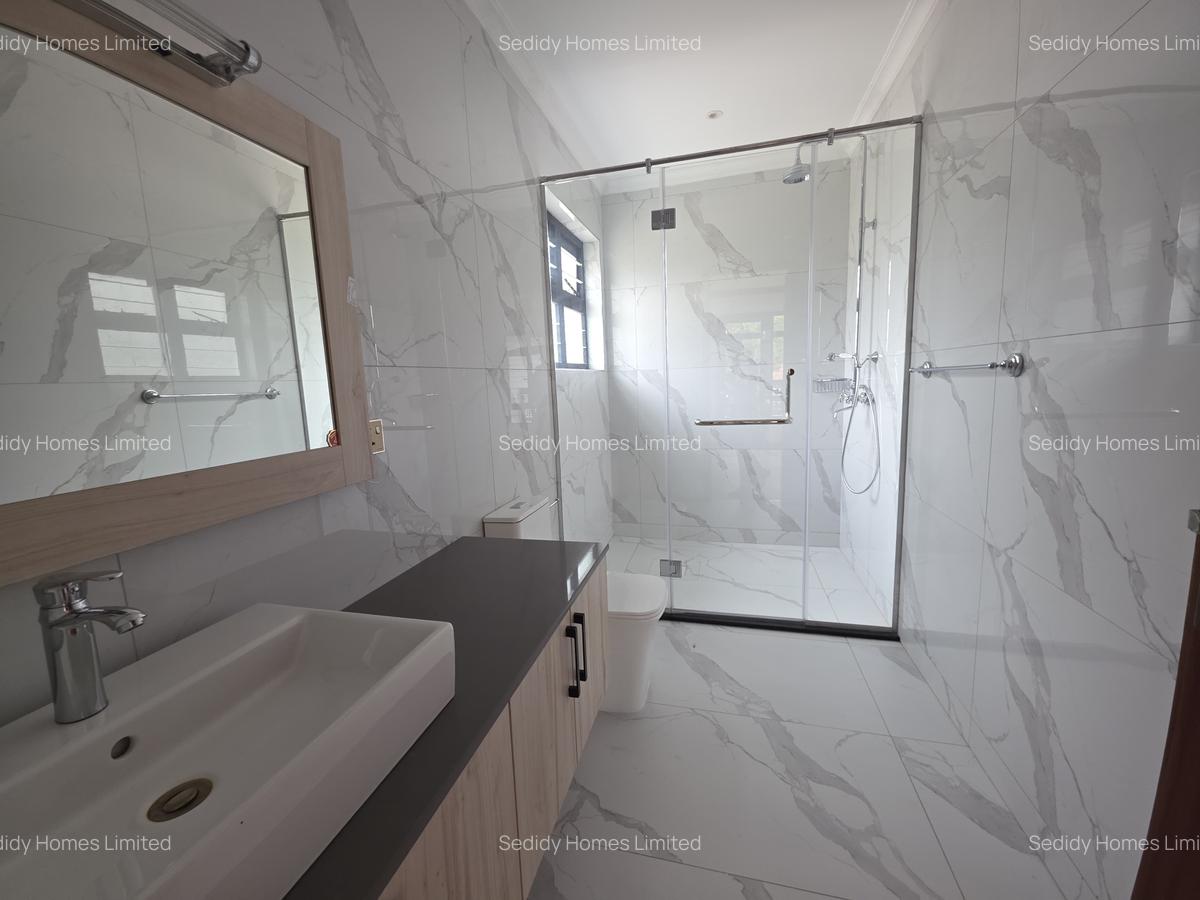 6 Bed House with En Suite in Runda - 10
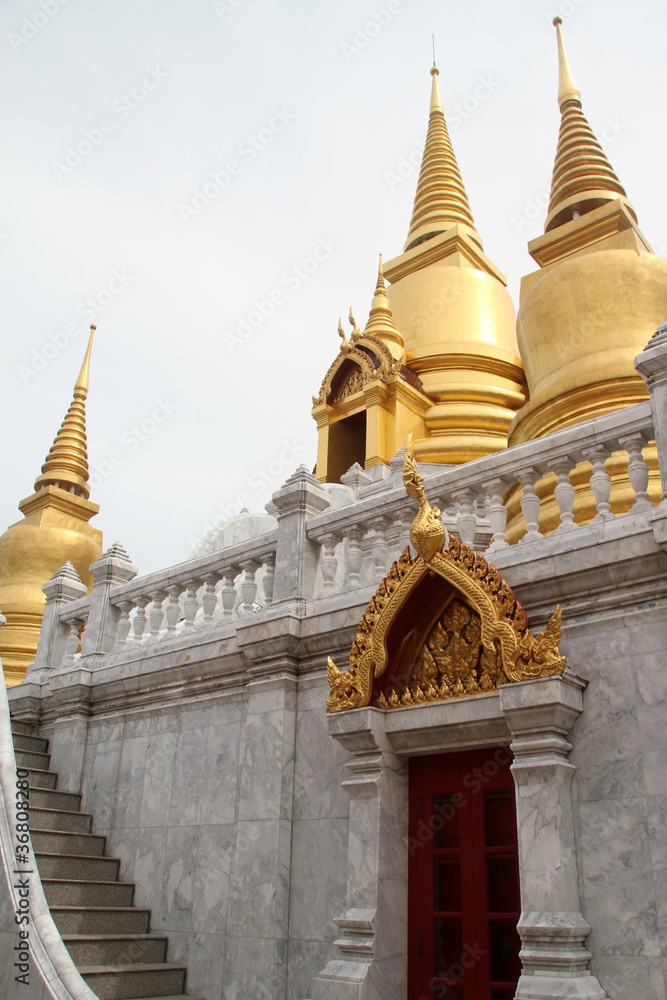 Fototapeta premium Golden stupa in Wat Bowonniwet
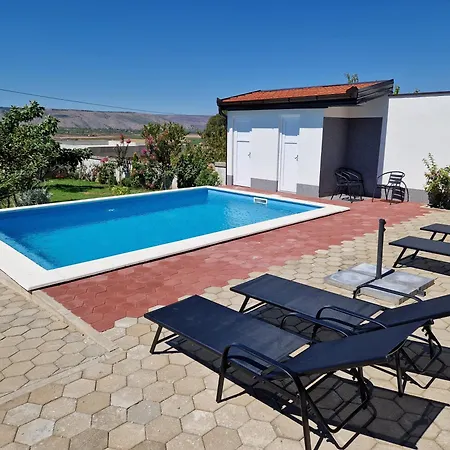 Feriehus Vesna - Pool House Blagaj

Task to carry out>
Could you give all of the data again exactly as written, omitting any pictures?

Answer to the exercise>
 6 Bed House with En Suite in Runda - 10
 Fototapeta premium Golden stupa in Wat Bowonniwet
 Feriehus Vesna - Pool House Blagaj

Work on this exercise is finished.